» **Assignment**: All of the listing should be returned as written, apart from any picture in it.

» **Source material**:
<<<<
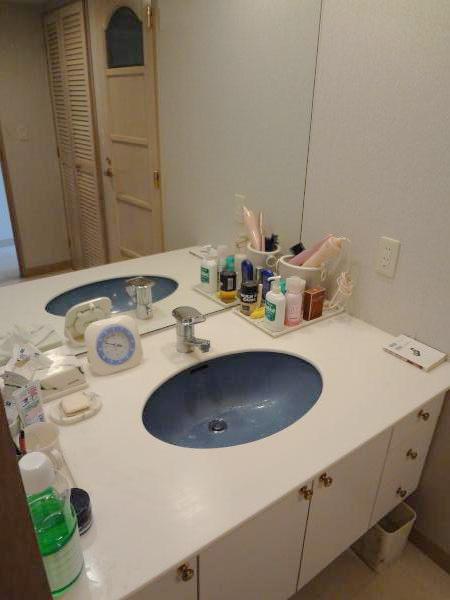 Wash basin, toilet. Indoor (February 2012) Shooting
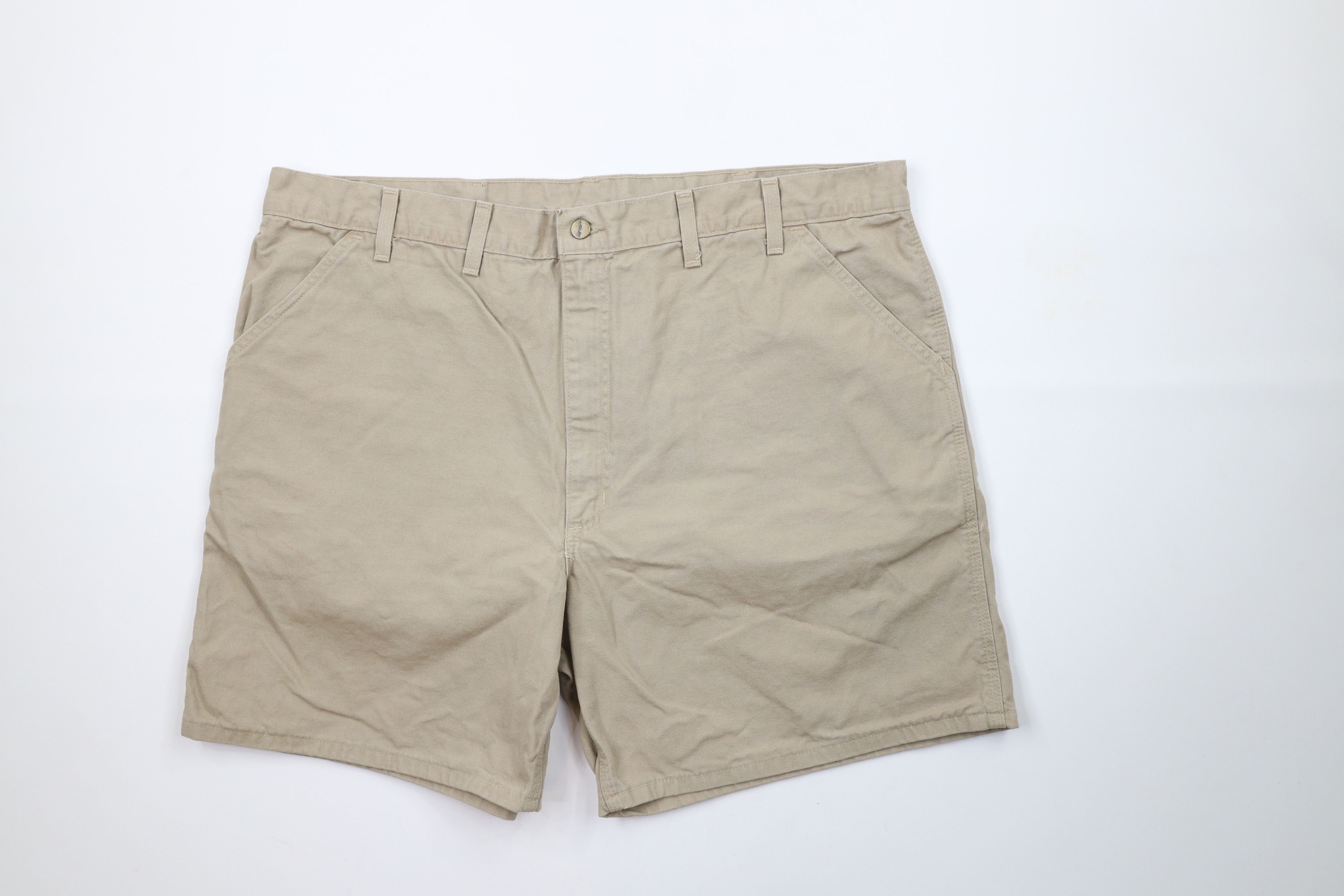 Carhartt × Vintage Vintage Y2K 2000 Carhartt Above Knee Shorts Beige USA Size US 44 / EU 60 - 1 Thumbnail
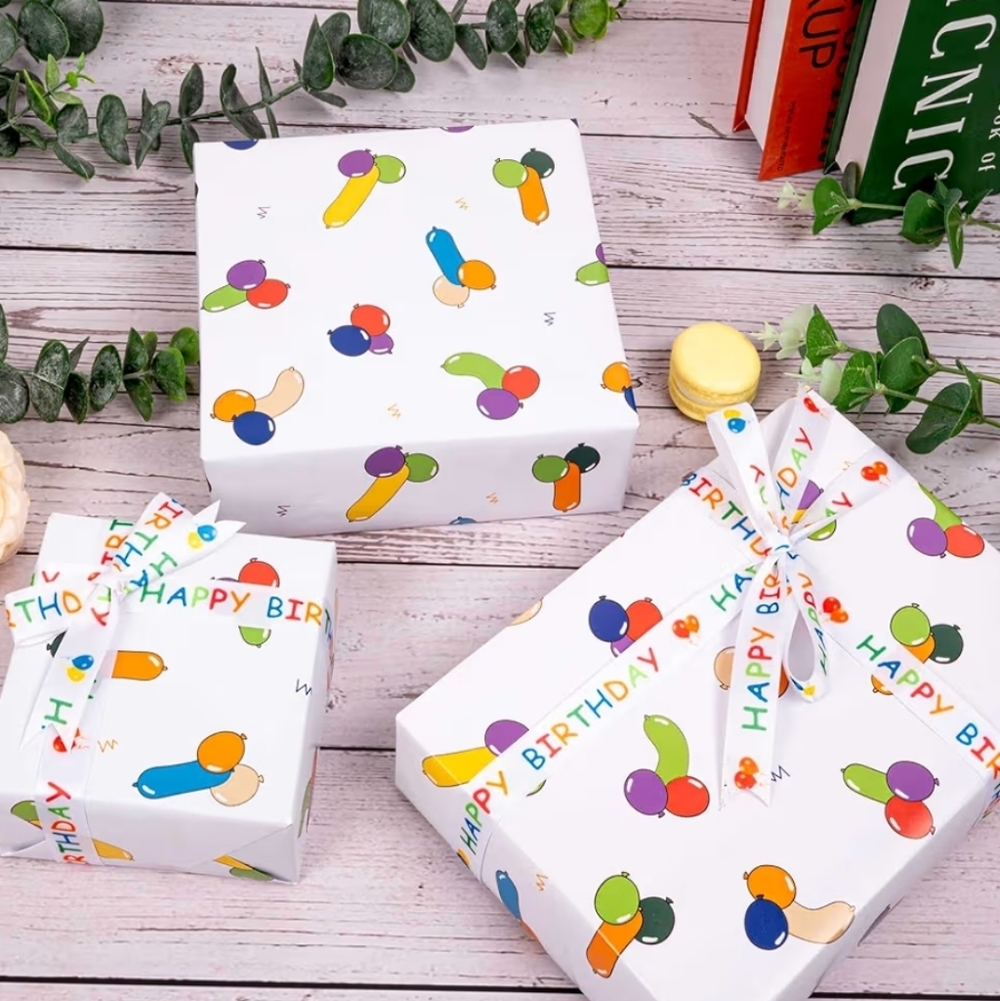 Baloney Pony Balloons Wrapping Paper - Picture 1 of 5
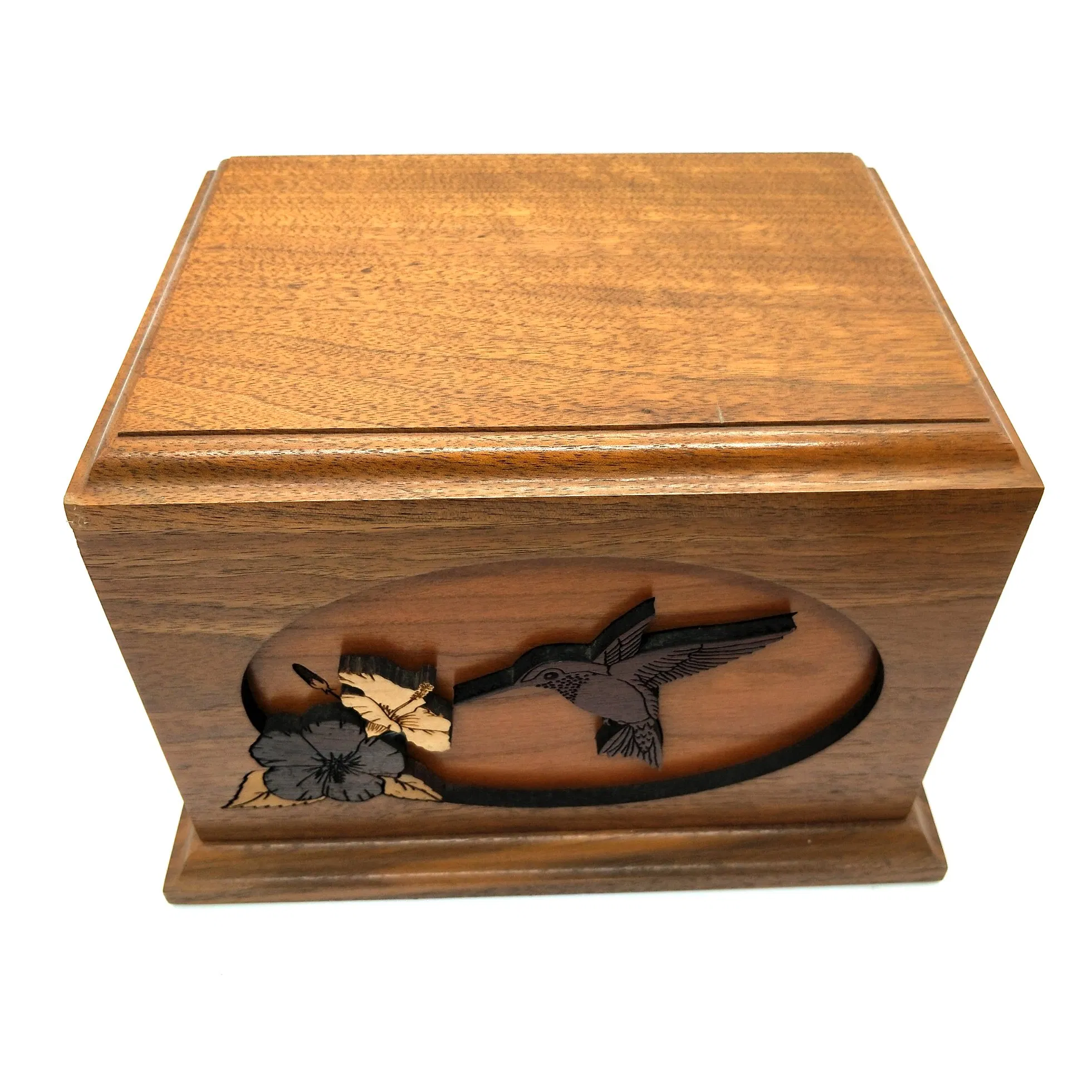 Custom Engraved Caskets and Coffins Solid Wood Urn for Human Pet Ashes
>>>>
» **Task response**:
 Wash basin, toilet. Indoor (February 2012) Shooting
 Carhartt × Vintage Vintage Y2K 2000 Carhartt Above Knee Shorts Beige USA Size US 44 / EU 60 - 1 Thumbnail
 Baloney Pony Balloons Wrapping Paper - Picture 1 of 5
 Custom Engraved Caskets and Coffins Solid Wood Urn for Human Pet Ashes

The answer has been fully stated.